**Provided material:**
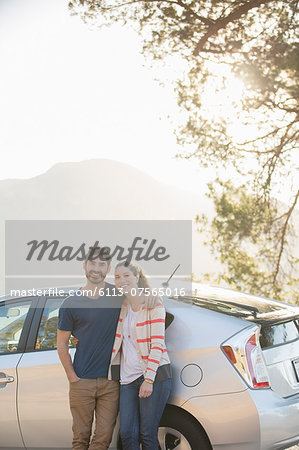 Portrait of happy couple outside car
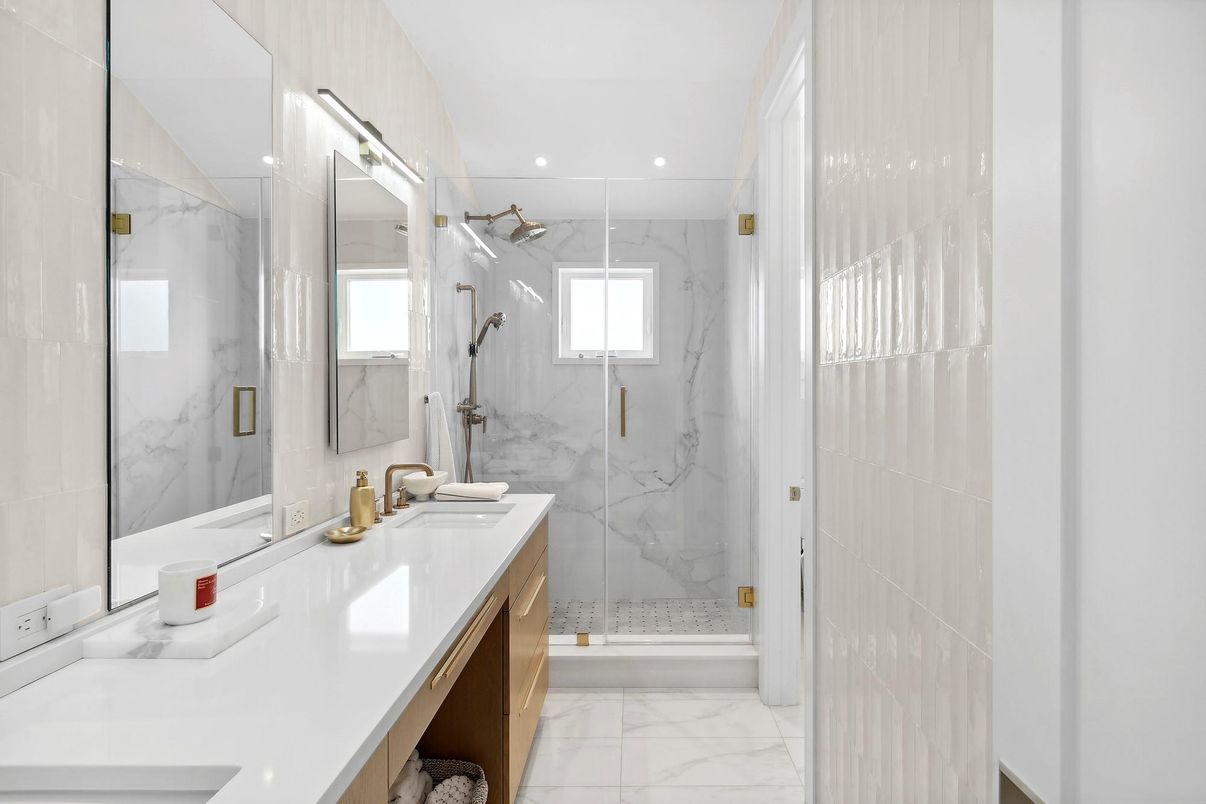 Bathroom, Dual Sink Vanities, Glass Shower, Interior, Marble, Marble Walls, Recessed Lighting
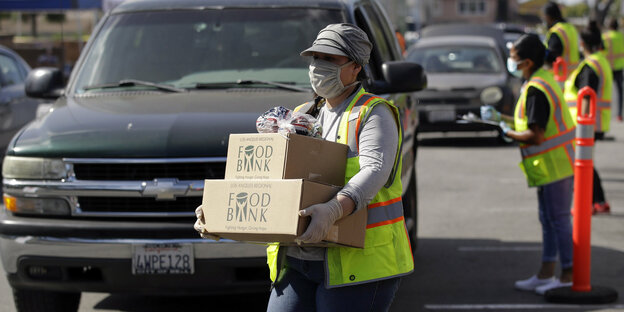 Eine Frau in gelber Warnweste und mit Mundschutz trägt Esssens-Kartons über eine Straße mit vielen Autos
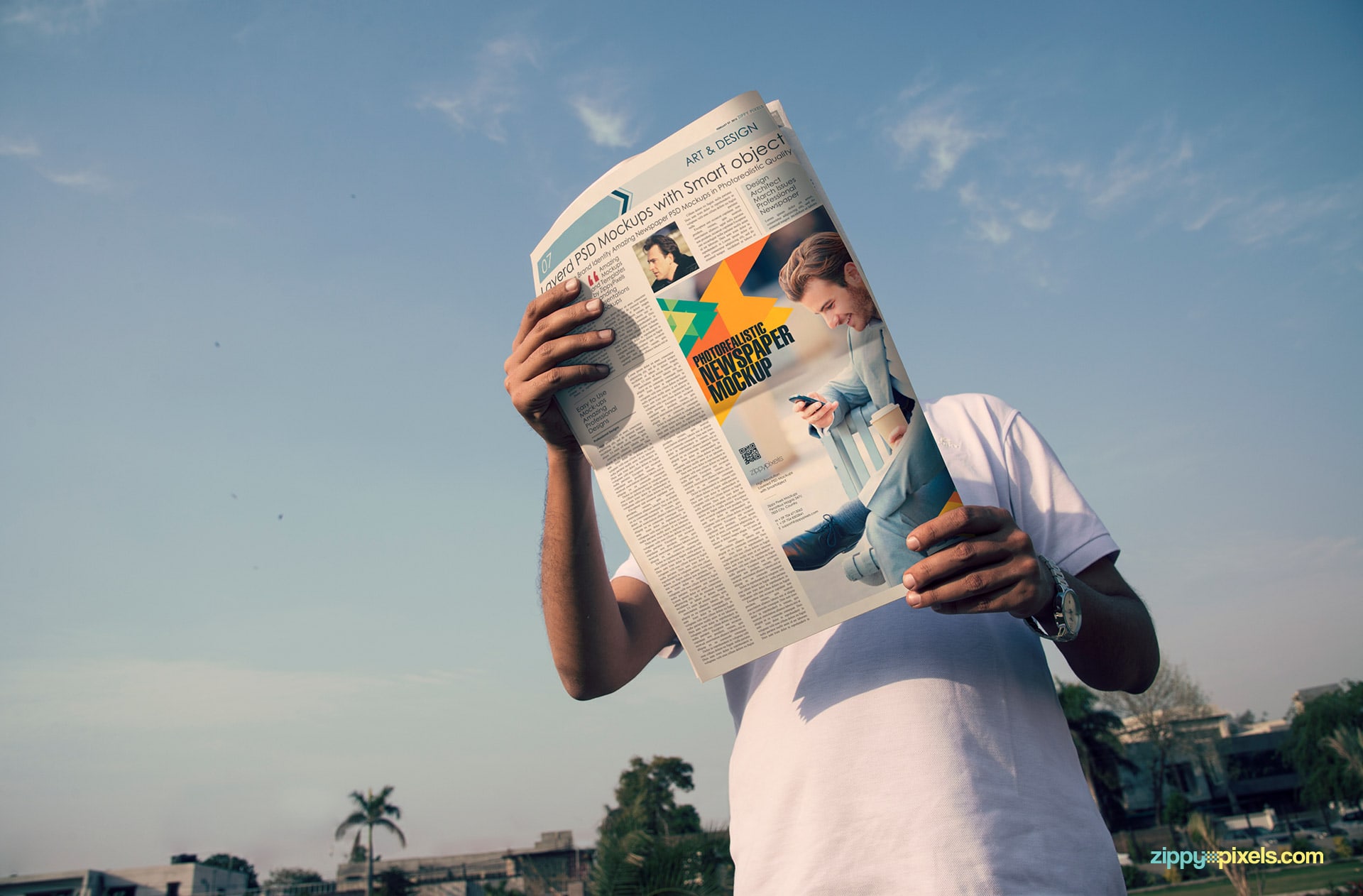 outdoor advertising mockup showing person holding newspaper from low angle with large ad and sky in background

==

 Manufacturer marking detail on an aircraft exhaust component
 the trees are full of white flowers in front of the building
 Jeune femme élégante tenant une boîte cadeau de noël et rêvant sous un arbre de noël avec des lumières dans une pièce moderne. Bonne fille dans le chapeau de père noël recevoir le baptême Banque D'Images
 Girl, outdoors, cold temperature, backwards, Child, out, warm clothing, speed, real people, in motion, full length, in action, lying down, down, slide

...

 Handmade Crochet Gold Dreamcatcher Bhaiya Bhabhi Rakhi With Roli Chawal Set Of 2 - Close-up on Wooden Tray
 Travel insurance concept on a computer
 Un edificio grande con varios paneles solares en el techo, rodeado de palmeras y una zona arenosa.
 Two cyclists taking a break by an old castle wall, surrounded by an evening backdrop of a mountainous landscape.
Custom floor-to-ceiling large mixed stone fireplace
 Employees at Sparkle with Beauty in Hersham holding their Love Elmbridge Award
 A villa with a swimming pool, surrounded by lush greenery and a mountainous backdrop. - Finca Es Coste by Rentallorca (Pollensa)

**What is being asked:**
Search the data above for "backdrop" and copy every line where it turns up.

**Solution for this task:**
 Two cyclists taking a break by an old castle wall, surrounded by an evening backdrop of a mountainous landscape.
 A villa with a swimming pool, surrounded by lush greenery and a mountainous backdrop. - Finca Es Coste by Rentallorca (Pollensa)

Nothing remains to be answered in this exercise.